Usha Vance is a private person in a very public job.
With her husband JD Vance’s rapid political elevation to President Donald Trump’s second-in-command, she stepped away from a successful legal career and into an unelected and ceremonial role that comes with no manual, an automatic global platform, and plenty of scrutiny from the American public and the media.
She faces her first test this weekend. After not speaking publicly or participating in any media interviews in the seven weeks of the Trump administration, Usha Vance is embarking on her first major solo trip as second lady, leading the US delegation to the Special Olympics World Winter Games in Turin, Italy, where she is joining athletes, coaches, families and fans in cheering on Team USA. She attended the opening ceremony on Saturday.
She’s already joined the vice president for a high-stakes trip to Europe, appearing by his side in France and Germany and joining him for meetings with French President Emmanuel Macron and Indian Prime Minister Narendra Modi. And behind the scenes, a source familiar told CNN, the second lady is assembling a small team of staff, transitioning her three children to life at the Naval Observatory, and settling into the role, for which she will have her own platform and responsibilities.
What those will be, however, remains a mystery.
As the 39-year-old former Supreme Court clerk contemplates the platform and impact she hopes to have, Vance is described by people who know her as thoughtful, whip-smart, and decisive. She is also extremely guarded. CNN reached out to dozens of friends, colleagues, and family members; none agreed to speak on the record about her.

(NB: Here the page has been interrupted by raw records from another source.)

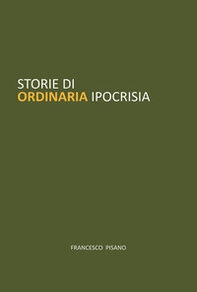 Storie di ordinaria ipocrisia - Librerie.coop Storie di ordinaria ipocrisia - Librerie.coop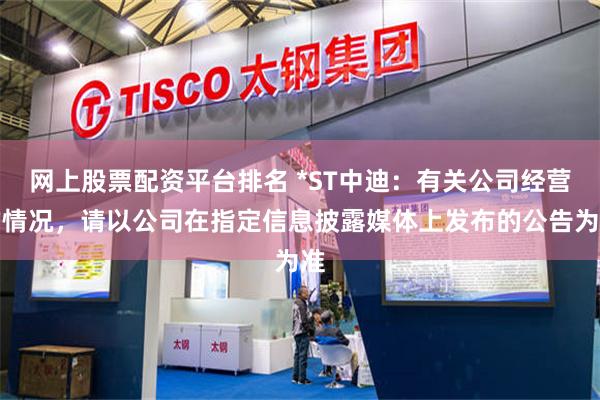 网上股票配资平台排名 *ST中迪：有关公司经营的情况，请以公司在指定信息披露媒体上发布的公告为准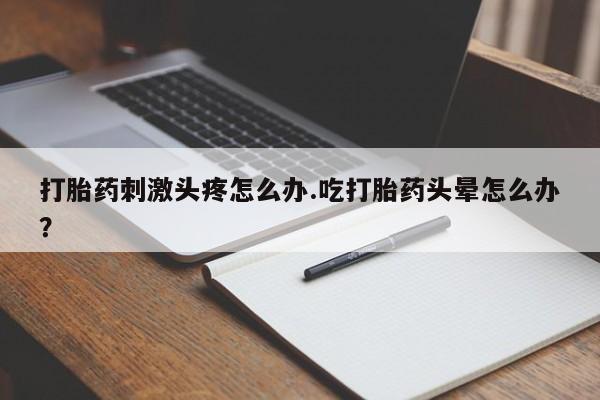 网上怎么购买打胎药联系方式打胎药刺激头疼怎么办.吃打胎药头晕怎么办？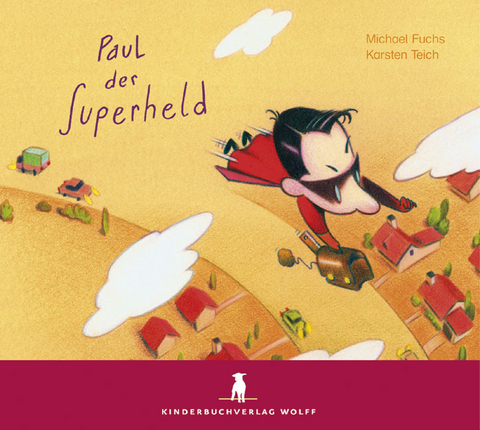 Paul der Superheld - Michael Fuchs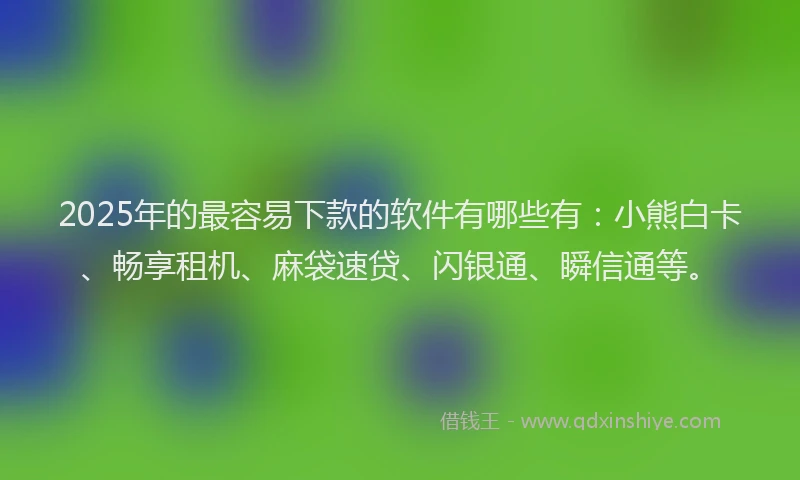 2025年的最容易下款的软件有哪些有：小熊白卡、畅享租机、麻袋速贷、闪银通、瞬信通等。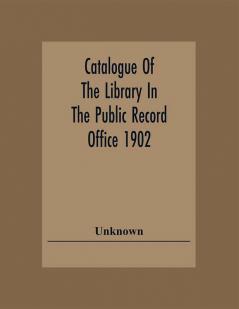 Catalogue Of The Library In The Public Record Office 1902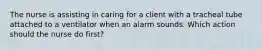 The nurse is assisting in caring for a client with a tracheal tube attached to a ventilator when an alarm sounds. Which action should the nurse do first?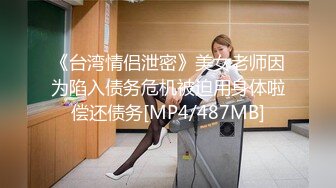 《台湾情侣泄密》美女老师因为陷入债务危机被迫用身体啦偿还债务[MP4/487MB]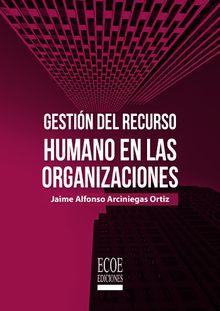 Gestin del recurso humano en las organizaciones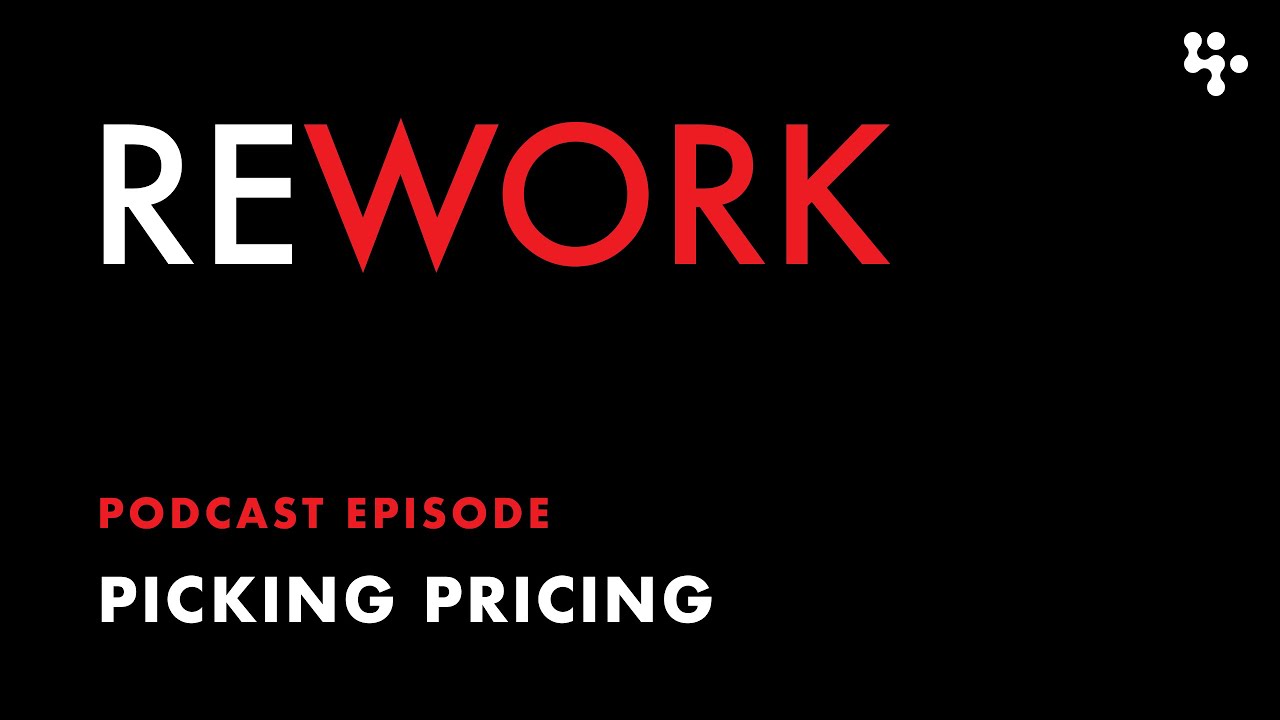 Picking Pricing &ndash; REWORK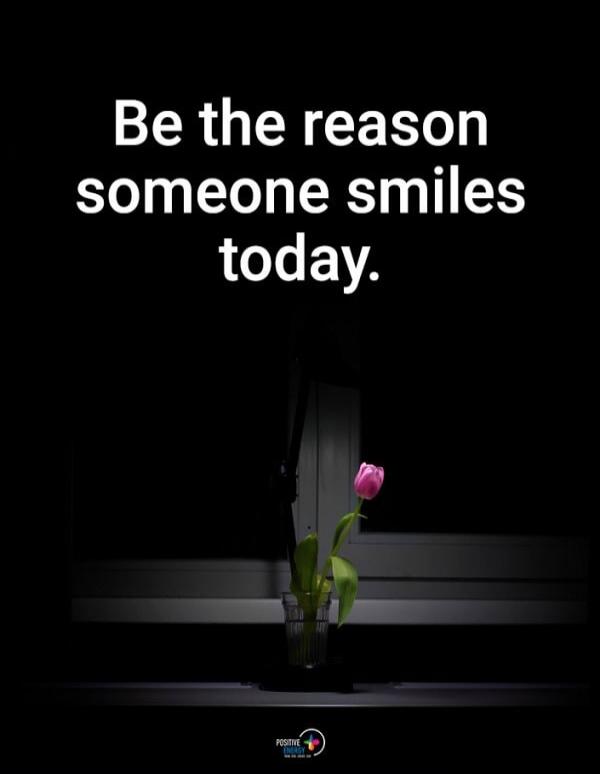 Be the reason someone smiles today.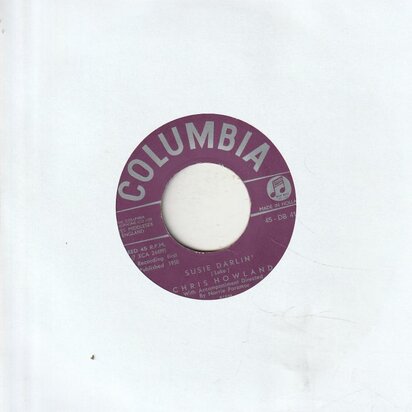 Chris Howland - Susie Darlin' + The rain falls down everyday (Vinylsingle)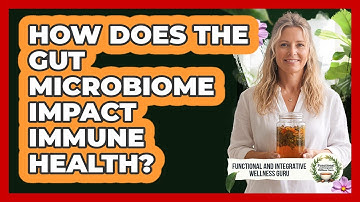 How Does The Gut Microbiome Impact Immune Health? - Functional and Integrative Wellness Guru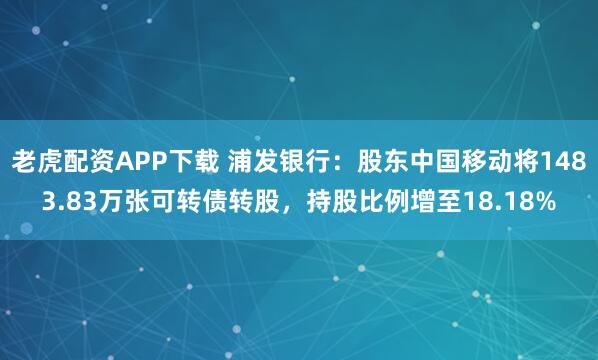 老虎配资APP下载 浦发银行：股东中国移动将1483.83万张可转债转股，持股比例增至18.18%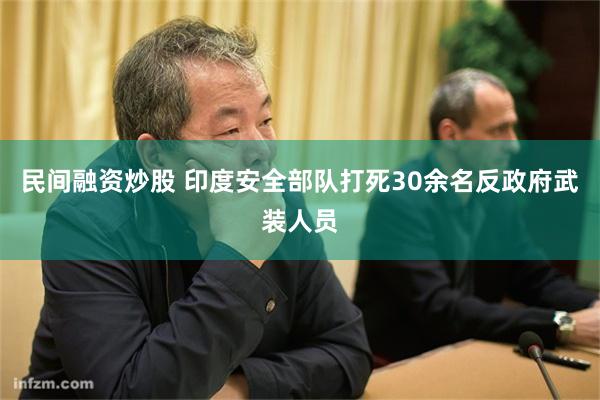 民间融资炒股 印度安全部队打死30余名反政府武装人员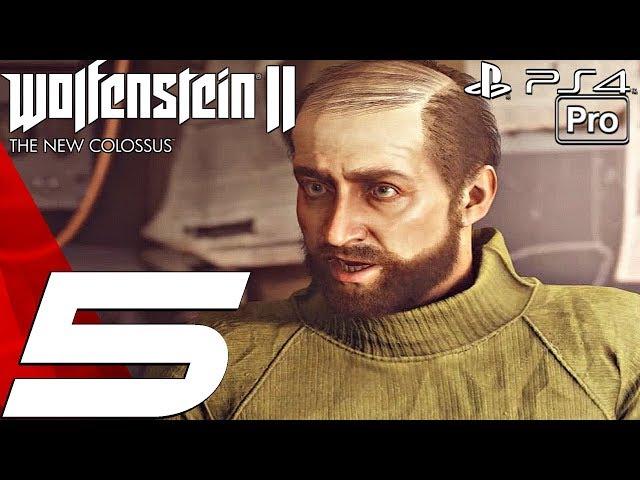 Wolfenstein 2 New Colossus - Gameplay Walkthrough Part 5 - Roswell, New Mexico (PS4 PRO)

While JD Vance has emerged as the president’s attack dog — his interjections, for example, escalated Trump’s Oval Office showdown with Ukrainian President Volodymyr Zelensky — his wife has largely stayed under the radar.
But being a top figurehead in a new administration alongside first lady Melania Trump, who has taken her approach to the spousal role, is a delicate dynamic she’ll have to navigate.
Usha Vance has appeared with the first lady at major events such as the inauguration and the president’s address to Congress, but it is unclear whether they have substantively engaged, as Melania Trump spent four weeks away from Washington at the start of the new administration.
Asked by Fox News during the campaign whether she had spoken with the first lady about the role, Vance sidestepped the question, saying she had received advice “from various friends who found themselves unexpectedly in the spotlight, or, you know, honestly, just faced crises or other situations that changed their plans for their lives.”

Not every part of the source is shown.